--- TASK BRIEF ---
Restate word for word every entry that appears below, skipping its pictures.

--- INFORMATION ---
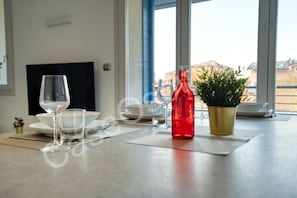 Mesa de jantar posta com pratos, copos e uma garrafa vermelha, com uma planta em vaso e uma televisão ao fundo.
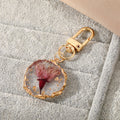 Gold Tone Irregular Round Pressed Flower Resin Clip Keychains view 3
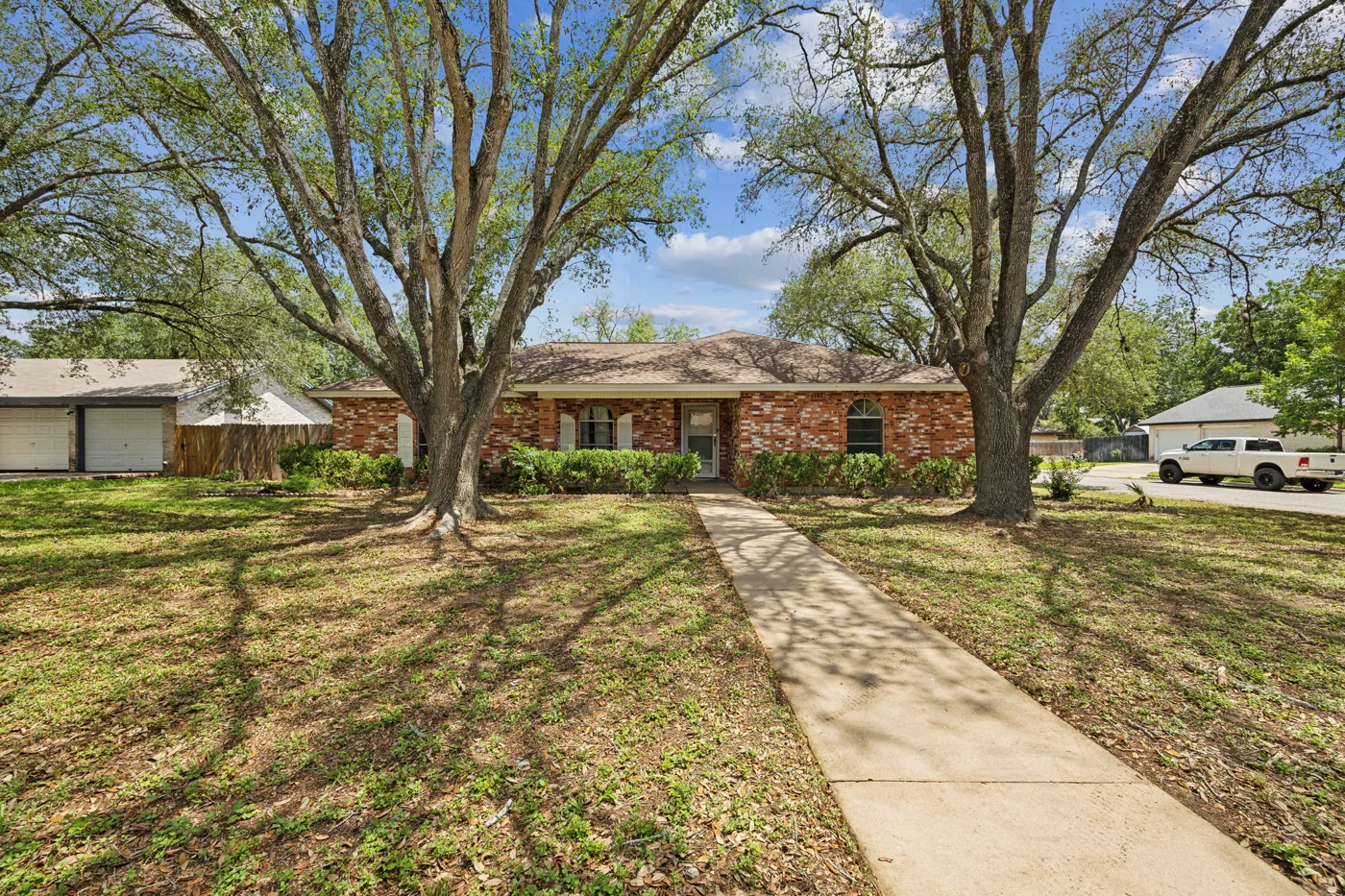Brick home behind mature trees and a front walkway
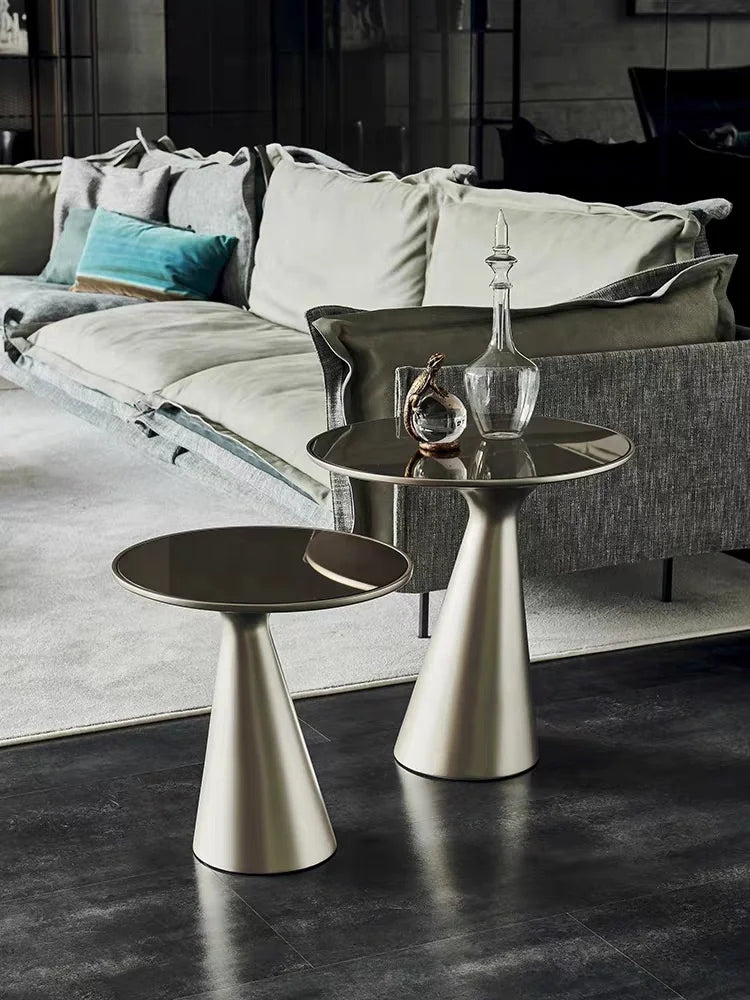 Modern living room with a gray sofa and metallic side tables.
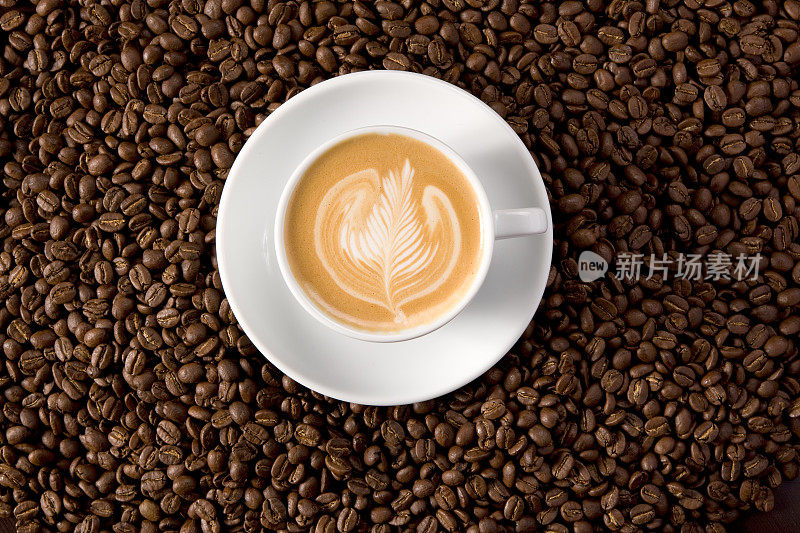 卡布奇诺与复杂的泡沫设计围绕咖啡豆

--- SOLUTION FOR THIS PROBLEM ---
 Mesa de jantar posta com pratos, copos e uma garrafa vermelha, com uma planta em vaso e uma televisão ao fundo.
 Gold Tone Irregular Round Pressed Flower Resin Clip Keychains view 3
Brick home behind mature trees and a front walkway
 Modern living room with a gray sofa and metallic side tables.
 卡布奇诺与复杂的泡沫设计围绕咖啡豆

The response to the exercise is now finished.